Deep latent Gaussian models (DLGMs) are a general class of deep directed graphical models that consist of Gaussian latent variables at each layer of a processing hierarchy. The model consists of $L$ layers of latent variables. To generate a sample from the model, we begin at the top-most layer ($L$) by drawing from a Gaussian distribution.

The activation \(\mathbf{h}_{l}\) at any lower layer is formed by a non-linear transformation of the layer above \(\mathbf{h}_{l+1}\) , perturbed by Gaussian noise. We descend through the hierarchy and generate observations $v$ by sampling from the observation likelihood using the activation of the lowest layer \(\mathbf{h}_1\). This process is described graphically in figure 1(a).

This generative process is described as follows:

\[\begin{aligned} & \mathbf{\xi}_l \sim \mathcal{N}(\mathbf{\xi}_l \mid \mathbf{0}, \mathbf{I}), \enspace l = 1, \dots , L \\ & \mathbf{h}_L = \mathbf{G}_L\mathbf{\xi}_L, \\ & \mathbf{h}_l = \mathit{T}_l(\mathbf{h}_{l+1}) + \mathbf{g}_l\mathbf{\xi}_l, \enspace l = 1, \dots, L - 1 \\ & v \sim \pi(\mathbf{v} \mid \mathbf{T}_0(\mathbf{h}_l)), \\ \end{aligned}\]

where $\mathbf{\xi}_l$ are mutually independent Gaussian variables. The transformations $\mathit{T}_l$ represent multi-layer perceptrons (MLPs) and $\mathbf{G}_l$ are matrices.
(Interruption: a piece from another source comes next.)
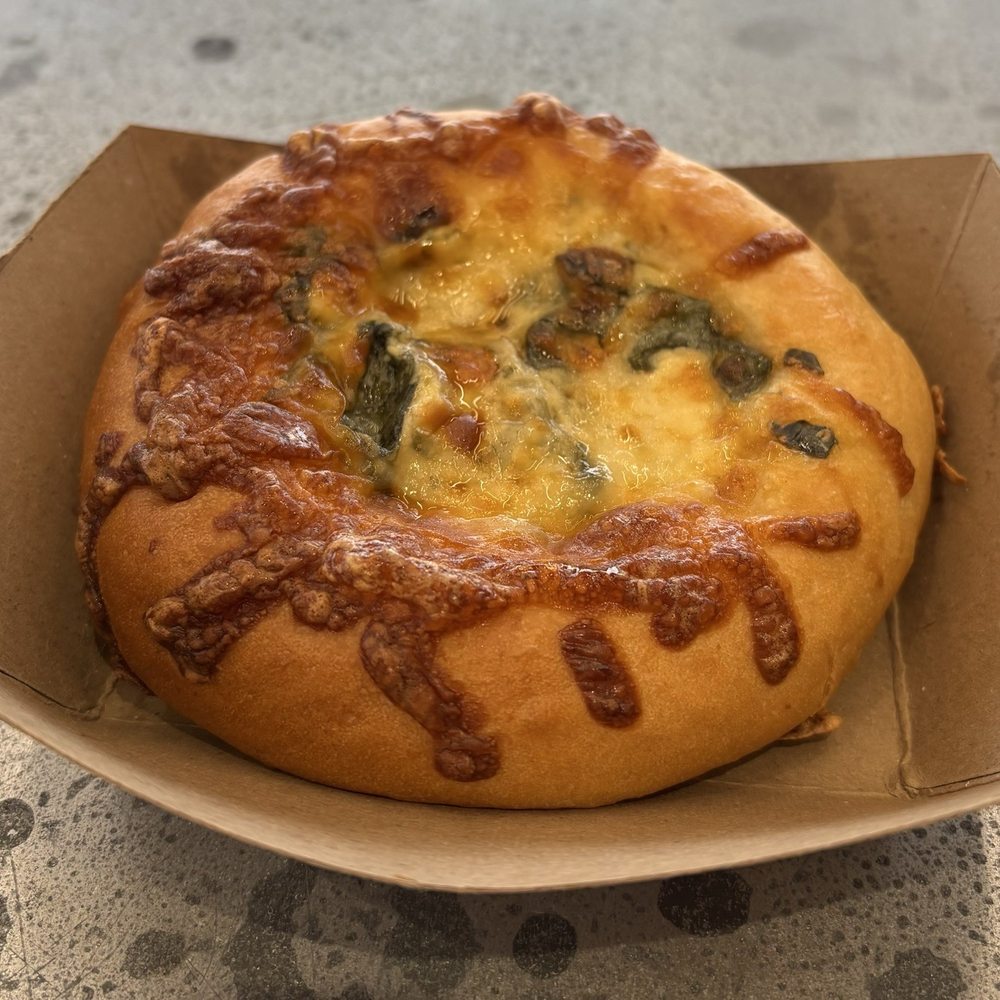 Leo’s Market and Eatery - Spinach and cheese kolache - Convenience Stores Near Me - Indianapolis, Indiana Leo’s Market and Eatery - Spinach and cheese kolache - Convenience Stores Near Me - Indianapolis, Indiana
At the visible layer, the data is generated from any appropriate distribution $\pi(\mathbf{v}\mid\cdot)$ whose parameters are specified by a transformation of the first latent layer.

Stochastic Backpropagation

Gradient descent methods in latent variable models typically require computations of the form \(\nabla_\theta \mathbb{E}_{q_\theta}\left[f(\mathbf{\xi})\right]\), where the expectation is taken with repect to a distribution \(q_\theta(\cdot)\) with parameters $ \mathbf\theta $, and $f$ is a loss function that we assume to be integrable and smooth.